The problem =
Exact wording is needed for every line from the one holding "4L x 2W x 2H" to the end of the records below; write those lines out and omit the pictures.

Data extract =

*** Begin section ***

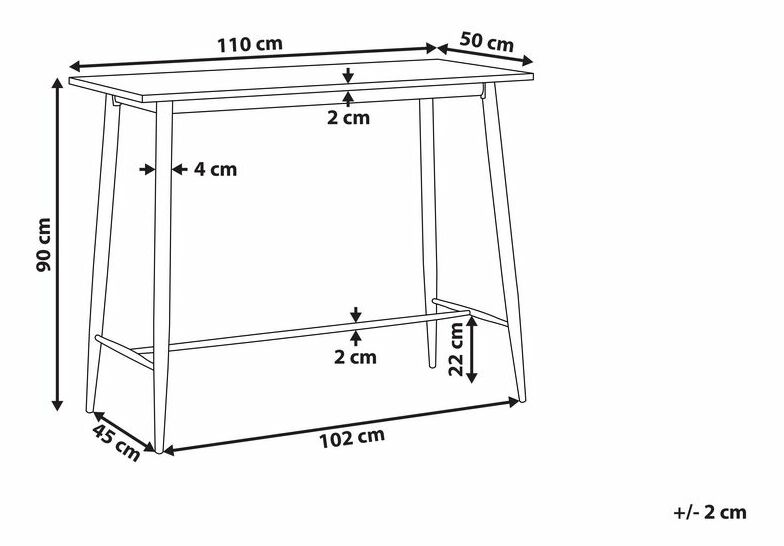 Barový stôl CHAVIO (biela) (pre 4 osoby)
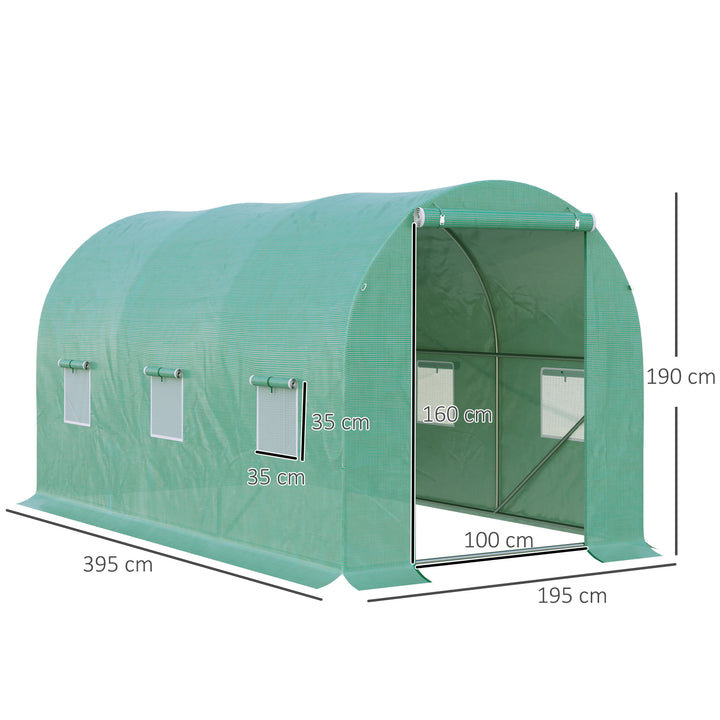 4L x 2W x 2H Polytunnel Greenhouse Garden Flower Vegetable Planter 25mm Diameter Galvanised Steel Frame w/ Zipped Door-Green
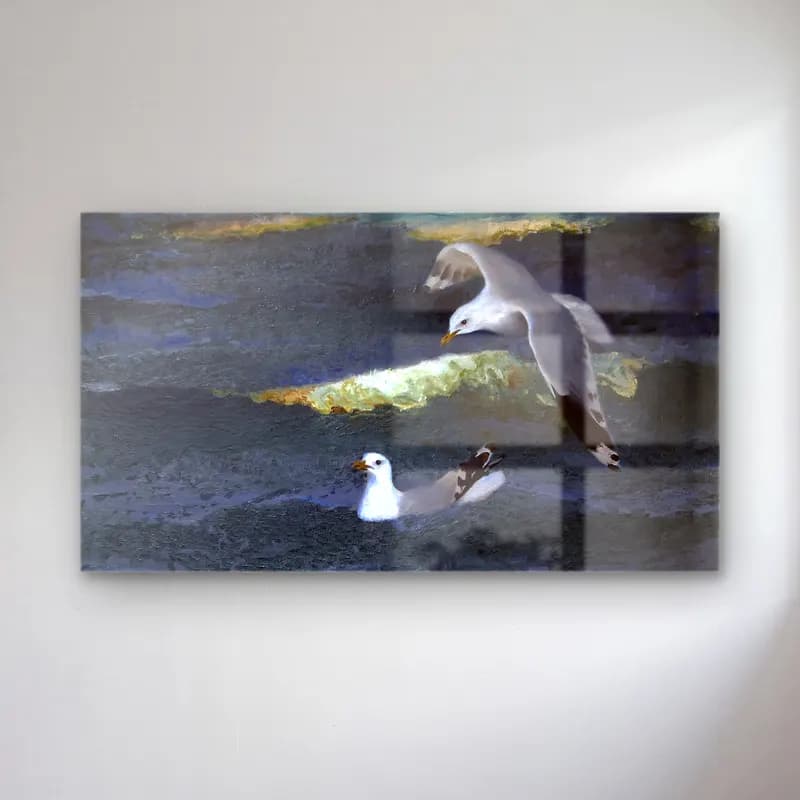 Bruno Liljefors – Gulls cam tablo — Bruno Liljefors – Gulls — yağlı boya ördekler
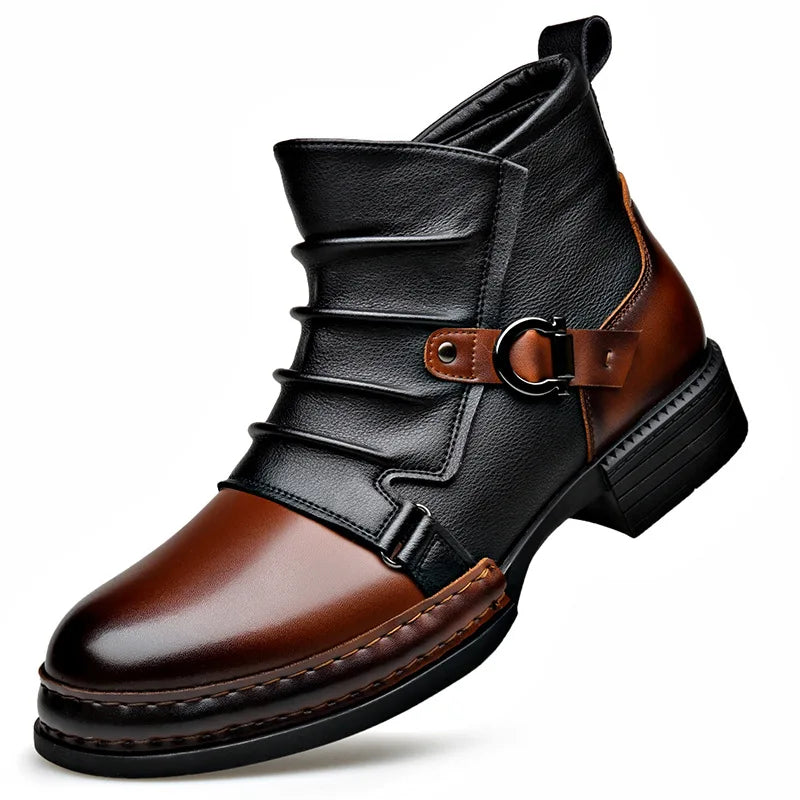 Ankle Boots Leather Side Zip Buckle Strap Layered Fold Winter Boots | Ines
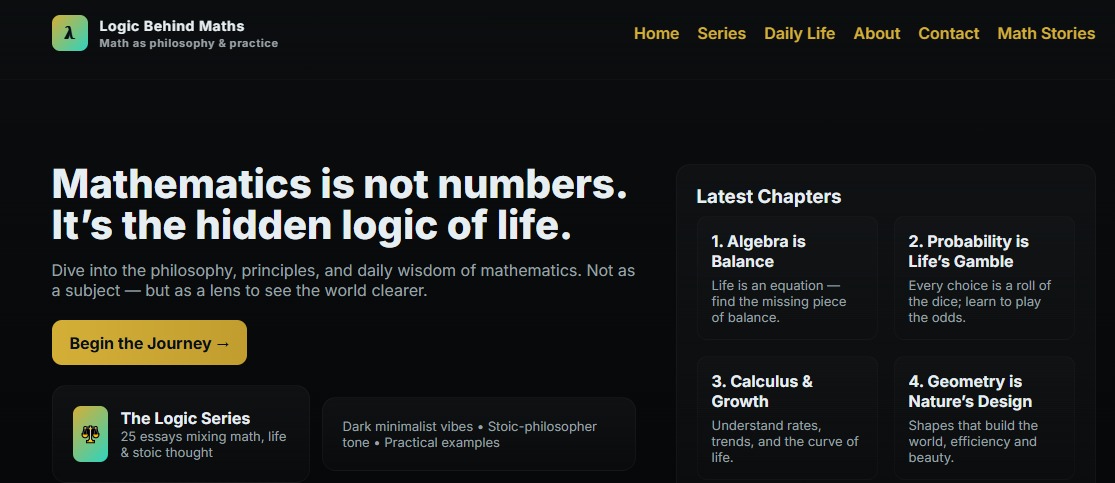 The Logic of Maths website interface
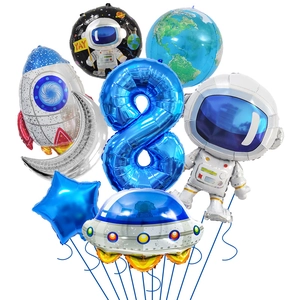 Detailed astronaut balloon set with rocket, UFO, and Earth foil balloons for space theme party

*** End section ***

Exercise response =
 4L x 2W x 2H Polytunnel Greenhouse Garden Flower Vegetable Planter 25mm Diameter Galvanised Steel Frame w/ Zipped Door-Green
 Bruno Liljefors – Gulls cam tablo — Bruno Liljefors – Gulls — yağlı boya ördekler
 Ankle Boots Leather Side Zip Buckle Strap Layered Fold Winter Boots | Ines
 The Logic of Maths website interface
 Detailed astronaut balloon set with rocket, UFO, and Earth foil balloons for space theme party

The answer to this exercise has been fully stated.